The workaround is simple, update the BootProbeCommand to
Containers: CloudVMs: BootProbeCommand: ls /arvados-compute-node-boot.complete
The cleanest fix would probably be to update the packer script called from `build.sh` so that it disables the docker service. That way it would not be started on boot, and only be started when `ensure-encrypted-partitions.sh` is really done.

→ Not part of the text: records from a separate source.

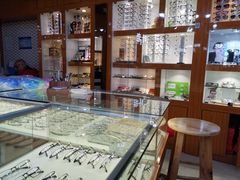 -三叶眼镜城批发市场(上海火车站店)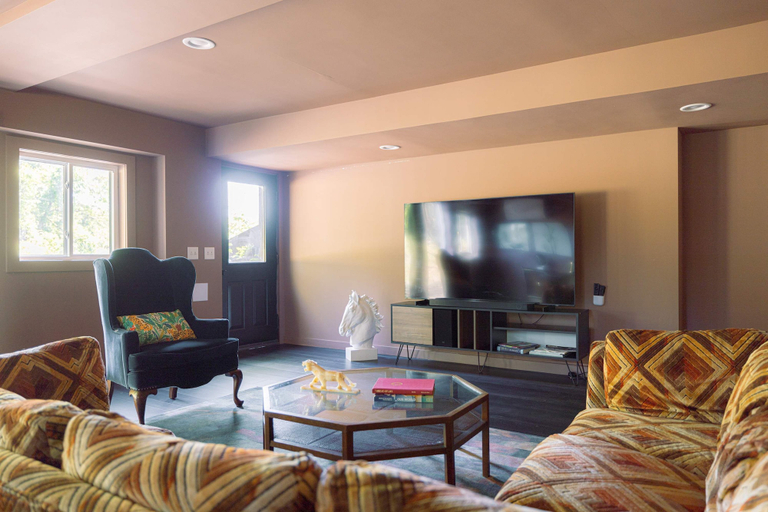 Room 2, Catskill Estate w Epic Views hot tub, Ulster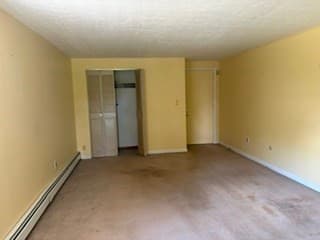 Condominium at 10 Zabriskie Dr, Newburyport MA 01950, Newburyport, photo 4 of 15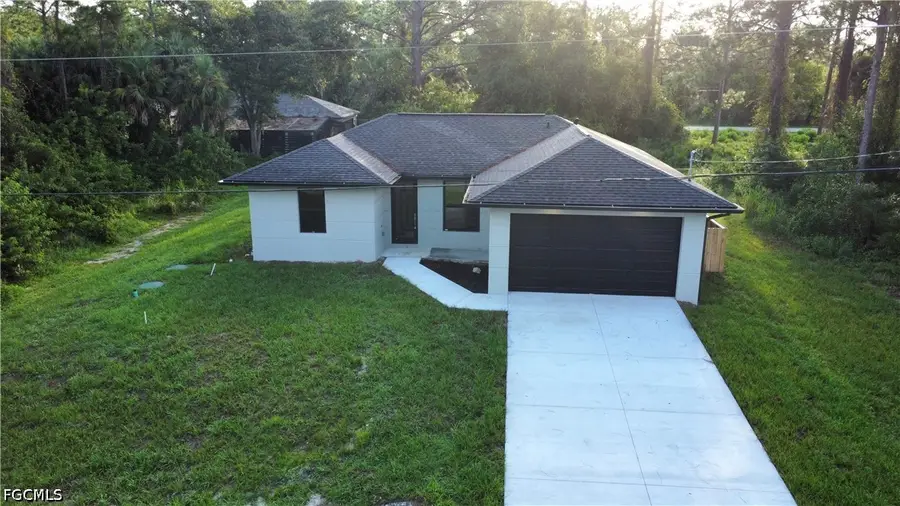 173 Blakely Avenue S, Lehigh Acres, FL 33974 - #3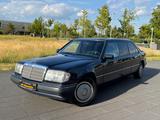 Mercedes-Benz 260 E PULLMAN/H-ZULASSUNG/8-SITZER/AUTOMATIK/GEP - Mercedes-Benz 260 aus 1991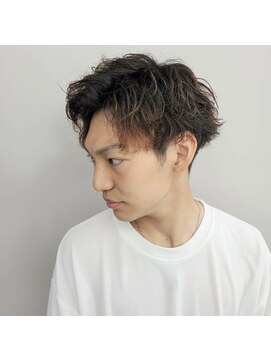 エストアール フクオカ 福岡博多店(est-r. Fukuoka) ツイストパーマ×ワイルドアップバンク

Updated by Ward Vandewege over 3 years ago
- Status changed from New to In Progress
Updated by Ward Vandewege over 3 years ago
- Subject changed from [config] the BootProbeCommand default leads to race conditions in our default/documented configuration to [a-d-c] the BootProbeCommand default leads to race conditions in our default/documented configuration
Updated by Ward Vandewege over 3 years ago
ready for review at b5178b3f99de705e2afcdc91f763f779481131cb on branch 17757-bootprobe-race
Updated by Tom Clegg over 3 years ago
LGTM, thanks! I suspect this is responsible for several occasions where I've seen containers terminate/retry and I didn't bother to follow up.
Updated by Ward Vandewege over 3 years ago
- % Done changed from 0 to 100
- Status changed from In Progress to Resolved
Applied in changeset arvados|eba64f9495cfcf65203eee41e90765cf5b6732d6.